Jaguars News | Jacksonville Jaguars -

History of Jags defense

Join senior editor Vic Ketchman as he tackles the fans' tough questions.

John from Jacksonville:
There's a lot of talk on the message board discussing your lack of a comment on the "Jaguars This Week" radio show regarding who will be cut at wide receiver. Will you eventually provide your thoughts, at least by the start of the regular season?

Vic: I'll give you my thoughts right now. A caller asked who we thought would be the odd man out at wide receiver. It's been a hot question ever since the Jaguars drafted Matt Jones. Jeff Lageman was first to field the question and Jeff ventured that Cortez Hankton might be the odd man out. I countered with the opinion that it won't be Hankton. Why do I think it won't be Hankton? First of all, Hankton is a player I've trumpeted for two years as a "jar on the shelf" kind of guy. I would hate to see him turn into some other team's Yancey Thigpen, who was claimed off the Chargers' practice squad. Hankton is also a minimum-wage player who promises to remain very affordable for the team for at least two more seasons. I think that makes him especially attractive on a team that, when the Matt Jones deal is done, will have some serious money at the wide receiver position and could use a bargain guy within their ranks. Jeff asked me who I thought would be the odd man out and I declined to answer because I'm not comfortable with cutting guys before training camp begins.

Tommy from Jacksonville:
I was wondering if Matt Jones' agent Dave Butz is the old Redskins defensive lineman.

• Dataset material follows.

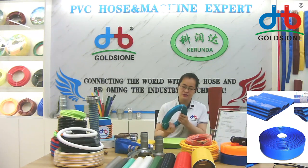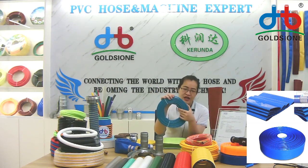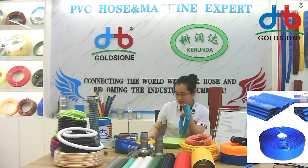I will also have small size hose — a leaf light hose like this one. Some customers call it leaf light but some call it garden hose. This looks like leaf light. It's also double color: the inner is white and the outer layer is colorful.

Vic: Matt Jones' agent is the son of Dave Butz the formers Redskins defensive lineman.

Mike from Little Rock, AR:
I'm pretty sure "Polly from Van Buren, AR" was making fun of us Arkansans that think Matt is a terrific kid and an amazing athlete, but I digress. My question is, why is Miami in the AFC East and not Indy?

Vic: The four teams in the AFC East are considered to have a "blood pact" to stay together. Their histories all go back to the AFL and they came into the NFL together following the merger as four of the five teams in the AFC East. The fifth team was the Baltimore Colts, which was one of three NFL teams that agreed to make the move into the AFC when the two leagues merged and aligned into two conferences.

Ronald from Jacksonville:
What is the history of the Jags defense? I remember a lot of blitz packages in the glory years, but how have each of the defensive coordinators changed it? Has it always been a 4-3?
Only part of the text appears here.